Изучающе смотрел на них старик, лоб наклоня.

– Да как будто так. Однако слово “патриот” до последних недель значило у нас почти “черносотенец”, вот я почему.

– А как вы считаете? – напёр на него Котя. – Правильно мы поступаем? Или нет?

Вот был случай! – не обидно для друга, ещё раз проверить для себя. Этот старикан мог что-то веское отпустить.

Поднял одну бровь Варсонофьев:

– Правильность или неправильность можно оценить, только исходя из ваших убеждений. – И с искоркой в темно-уставленных глазах: – Вы, вероятно, – социалистических?

Саня застенчиво покачал головой.

Котя сожалительно громко чмокнул.

– Как?! Нет?… Ну тогда, надеюсь, – анархических?

Нет, не было от мальчиков согласного кивка.

А заметили они, что старик как бы не посмеивался. То есть на его ужасно серьёзном лице усмешка была непредставима, да и раздвижка губ между сошедшимися усами и бородой замечалась мало, а вот – лёгкий такой блеск нашёл на глаза.

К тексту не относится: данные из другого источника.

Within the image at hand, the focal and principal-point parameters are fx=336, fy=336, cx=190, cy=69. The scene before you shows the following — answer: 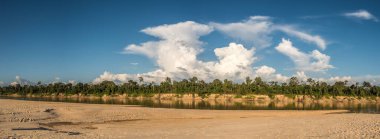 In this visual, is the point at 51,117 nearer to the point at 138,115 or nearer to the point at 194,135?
the point at 138,115

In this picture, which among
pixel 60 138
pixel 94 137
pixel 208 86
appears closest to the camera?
pixel 60 138

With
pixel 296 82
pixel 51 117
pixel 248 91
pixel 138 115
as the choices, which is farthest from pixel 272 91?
pixel 51 117

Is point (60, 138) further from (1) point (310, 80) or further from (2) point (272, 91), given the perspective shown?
(1) point (310, 80)

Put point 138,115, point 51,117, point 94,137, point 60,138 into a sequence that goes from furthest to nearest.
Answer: point 138,115
point 51,117
point 94,137
point 60,138

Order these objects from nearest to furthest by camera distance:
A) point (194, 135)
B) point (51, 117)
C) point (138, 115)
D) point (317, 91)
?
point (194, 135) < point (51, 117) < point (138, 115) < point (317, 91)

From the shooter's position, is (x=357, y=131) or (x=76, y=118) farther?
(x=76, y=118)

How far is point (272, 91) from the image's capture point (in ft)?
582

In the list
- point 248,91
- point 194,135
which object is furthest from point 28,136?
point 248,91

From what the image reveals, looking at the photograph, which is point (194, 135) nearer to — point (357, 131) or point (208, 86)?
point (357, 131)

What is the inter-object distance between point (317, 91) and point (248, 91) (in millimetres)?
35579

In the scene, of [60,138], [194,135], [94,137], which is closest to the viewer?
[60,138]

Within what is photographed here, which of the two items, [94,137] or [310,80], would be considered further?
[310,80]

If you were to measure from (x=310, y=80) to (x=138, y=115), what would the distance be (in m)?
162

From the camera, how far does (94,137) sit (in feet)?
92.0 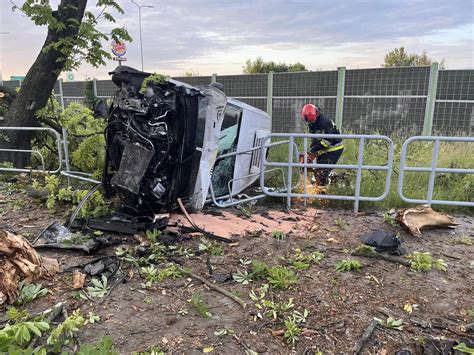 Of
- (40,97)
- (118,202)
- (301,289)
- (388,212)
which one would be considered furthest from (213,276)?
(40,97)

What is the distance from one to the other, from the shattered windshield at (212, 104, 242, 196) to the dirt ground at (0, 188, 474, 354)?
130 cm

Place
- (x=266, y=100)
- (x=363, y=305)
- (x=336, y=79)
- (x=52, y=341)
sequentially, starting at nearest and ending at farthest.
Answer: (x=52, y=341) < (x=363, y=305) < (x=336, y=79) < (x=266, y=100)

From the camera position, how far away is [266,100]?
56.1ft

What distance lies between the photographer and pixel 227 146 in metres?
6.22

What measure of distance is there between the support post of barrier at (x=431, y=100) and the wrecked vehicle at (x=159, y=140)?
1140 centimetres

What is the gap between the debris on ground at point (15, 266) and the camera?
324 cm

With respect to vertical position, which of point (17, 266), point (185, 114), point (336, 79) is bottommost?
point (17, 266)

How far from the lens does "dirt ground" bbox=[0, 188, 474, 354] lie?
291 centimetres

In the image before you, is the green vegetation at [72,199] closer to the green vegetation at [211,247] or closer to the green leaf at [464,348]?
the green vegetation at [211,247]

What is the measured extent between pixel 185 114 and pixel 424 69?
486 inches

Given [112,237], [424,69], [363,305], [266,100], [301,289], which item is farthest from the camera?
[266,100]

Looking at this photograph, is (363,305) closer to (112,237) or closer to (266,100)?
(112,237)

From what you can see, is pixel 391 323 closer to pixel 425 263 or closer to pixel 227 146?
pixel 425 263

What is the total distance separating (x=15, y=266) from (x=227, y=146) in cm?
358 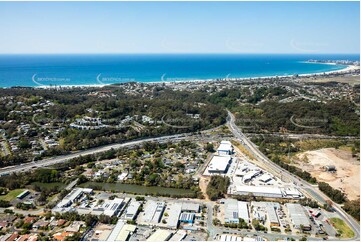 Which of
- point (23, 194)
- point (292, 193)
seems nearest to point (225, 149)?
point (292, 193)

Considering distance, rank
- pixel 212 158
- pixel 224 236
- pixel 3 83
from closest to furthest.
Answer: pixel 224 236 → pixel 212 158 → pixel 3 83

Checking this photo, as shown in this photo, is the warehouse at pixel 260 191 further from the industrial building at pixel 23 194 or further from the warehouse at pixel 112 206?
the industrial building at pixel 23 194

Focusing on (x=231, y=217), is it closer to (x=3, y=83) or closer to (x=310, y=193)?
(x=310, y=193)

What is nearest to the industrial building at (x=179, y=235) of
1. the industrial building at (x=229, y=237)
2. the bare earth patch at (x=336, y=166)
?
the industrial building at (x=229, y=237)

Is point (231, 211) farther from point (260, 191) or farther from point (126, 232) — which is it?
point (126, 232)

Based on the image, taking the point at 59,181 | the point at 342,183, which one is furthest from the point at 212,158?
the point at 59,181

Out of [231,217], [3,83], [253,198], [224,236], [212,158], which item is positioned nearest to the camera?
[224,236] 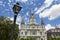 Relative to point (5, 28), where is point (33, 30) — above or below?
below

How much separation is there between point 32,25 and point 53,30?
24.3 metres

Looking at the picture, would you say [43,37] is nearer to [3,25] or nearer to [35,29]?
[35,29]

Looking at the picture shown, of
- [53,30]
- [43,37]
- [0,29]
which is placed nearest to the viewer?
[0,29]

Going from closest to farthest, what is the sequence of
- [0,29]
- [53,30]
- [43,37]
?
[0,29]
[43,37]
[53,30]

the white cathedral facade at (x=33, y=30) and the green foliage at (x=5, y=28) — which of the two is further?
the white cathedral facade at (x=33, y=30)

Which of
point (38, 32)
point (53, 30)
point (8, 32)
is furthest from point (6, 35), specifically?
point (53, 30)

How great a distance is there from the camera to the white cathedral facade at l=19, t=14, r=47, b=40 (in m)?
109

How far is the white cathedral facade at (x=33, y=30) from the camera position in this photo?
108688mm

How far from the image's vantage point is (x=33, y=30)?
364ft

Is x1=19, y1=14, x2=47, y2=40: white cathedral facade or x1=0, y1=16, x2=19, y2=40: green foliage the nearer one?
x1=0, y1=16, x2=19, y2=40: green foliage

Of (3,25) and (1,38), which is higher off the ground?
(3,25)

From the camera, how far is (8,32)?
160 ft

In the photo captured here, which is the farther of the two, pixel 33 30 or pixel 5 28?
pixel 33 30

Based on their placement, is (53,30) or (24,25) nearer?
(24,25) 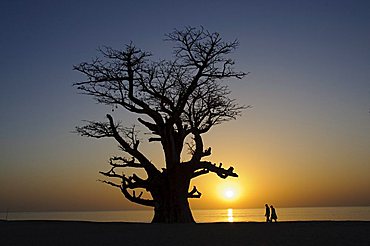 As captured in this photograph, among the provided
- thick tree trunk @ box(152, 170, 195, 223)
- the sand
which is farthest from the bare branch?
the sand

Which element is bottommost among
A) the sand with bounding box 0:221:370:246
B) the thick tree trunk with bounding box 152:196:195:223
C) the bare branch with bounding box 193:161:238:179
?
the sand with bounding box 0:221:370:246

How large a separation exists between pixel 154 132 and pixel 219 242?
16.6 meters

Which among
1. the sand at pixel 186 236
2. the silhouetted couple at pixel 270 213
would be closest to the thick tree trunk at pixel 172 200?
the silhouetted couple at pixel 270 213

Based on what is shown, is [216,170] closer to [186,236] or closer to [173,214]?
[173,214]

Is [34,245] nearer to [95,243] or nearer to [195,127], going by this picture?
[95,243]

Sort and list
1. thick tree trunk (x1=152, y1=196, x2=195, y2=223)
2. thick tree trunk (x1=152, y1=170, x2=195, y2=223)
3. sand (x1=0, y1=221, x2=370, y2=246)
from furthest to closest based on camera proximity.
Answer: thick tree trunk (x1=152, y1=170, x2=195, y2=223) < thick tree trunk (x1=152, y1=196, x2=195, y2=223) < sand (x1=0, y1=221, x2=370, y2=246)

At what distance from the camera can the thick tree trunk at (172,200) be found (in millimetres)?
33375

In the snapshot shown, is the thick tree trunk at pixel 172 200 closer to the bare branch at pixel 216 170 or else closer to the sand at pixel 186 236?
the bare branch at pixel 216 170

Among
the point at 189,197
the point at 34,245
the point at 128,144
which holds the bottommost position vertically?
the point at 34,245

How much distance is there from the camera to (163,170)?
34344mm

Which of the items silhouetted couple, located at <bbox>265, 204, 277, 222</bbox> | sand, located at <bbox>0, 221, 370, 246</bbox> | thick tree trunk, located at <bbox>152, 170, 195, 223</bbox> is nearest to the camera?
sand, located at <bbox>0, 221, 370, 246</bbox>

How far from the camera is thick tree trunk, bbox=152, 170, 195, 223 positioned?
33.4 meters

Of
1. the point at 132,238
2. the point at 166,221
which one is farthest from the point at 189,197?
the point at 132,238

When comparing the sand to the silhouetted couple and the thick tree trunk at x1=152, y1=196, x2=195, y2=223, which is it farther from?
the silhouetted couple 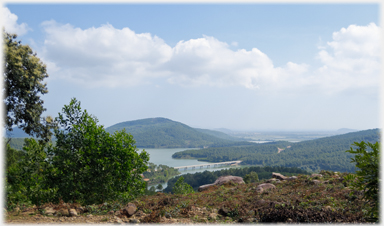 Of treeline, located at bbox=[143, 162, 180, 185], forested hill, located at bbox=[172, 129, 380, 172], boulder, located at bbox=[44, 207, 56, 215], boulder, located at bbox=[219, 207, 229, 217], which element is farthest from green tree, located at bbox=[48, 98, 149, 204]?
forested hill, located at bbox=[172, 129, 380, 172]

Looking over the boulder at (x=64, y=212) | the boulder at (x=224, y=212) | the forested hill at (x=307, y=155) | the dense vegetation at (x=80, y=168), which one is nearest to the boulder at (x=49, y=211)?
the boulder at (x=64, y=212)

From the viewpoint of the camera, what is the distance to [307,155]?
111 metres

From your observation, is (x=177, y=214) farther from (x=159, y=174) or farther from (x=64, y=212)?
(x=159, y=174)

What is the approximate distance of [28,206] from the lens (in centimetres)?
596

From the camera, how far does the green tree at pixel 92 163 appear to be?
6.62 m

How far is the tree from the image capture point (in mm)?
8148

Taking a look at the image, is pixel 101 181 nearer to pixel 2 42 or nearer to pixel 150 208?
pixel 150 208

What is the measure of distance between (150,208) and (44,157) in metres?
3.46

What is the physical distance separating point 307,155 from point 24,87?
120 meters

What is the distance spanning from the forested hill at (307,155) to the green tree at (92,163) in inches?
3687

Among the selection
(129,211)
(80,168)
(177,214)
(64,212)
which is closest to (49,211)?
(64,212)

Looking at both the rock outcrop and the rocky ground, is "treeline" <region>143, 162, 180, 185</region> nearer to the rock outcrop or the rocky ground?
the rocky ground

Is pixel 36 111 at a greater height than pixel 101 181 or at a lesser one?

– Я, например, гегельянец! – твёрдо, ответственно заявил Котя старику. У него очень решительная была манера выражаться, подбородок выпяченный и челюсти крепкие.

– Чистый гегельянец? – удивлялся старик. – Ведь это редкость!

– Именно. Чистый! – твёрдо, гордо подтвердил Котя. – А он, – пальцем в санину грудь, – толстовец.

Тем временем переступали, пошли все трое опять к Никитским.

– Тол-стовец? – изумился старик, избоку примеряясь к сдержанному неуверенному Исаакию. – Ба-атюшки, а как же на войну?…

Но заметил, как это Сане сокрушительно: он сам понимал, он запутался, он страдательно смотрел, отбирая пшеничные мягкие волосы со лба:

– Я – не чистый толстовец теперь.

– Это – что! – взвопил Котя, всё более свободно чувствуя себя с этим славным стариком. – Он когда-то и мяса не ел! Ну посудите, как бы он теперь в армии? Там не поковыряешься, там всем одно!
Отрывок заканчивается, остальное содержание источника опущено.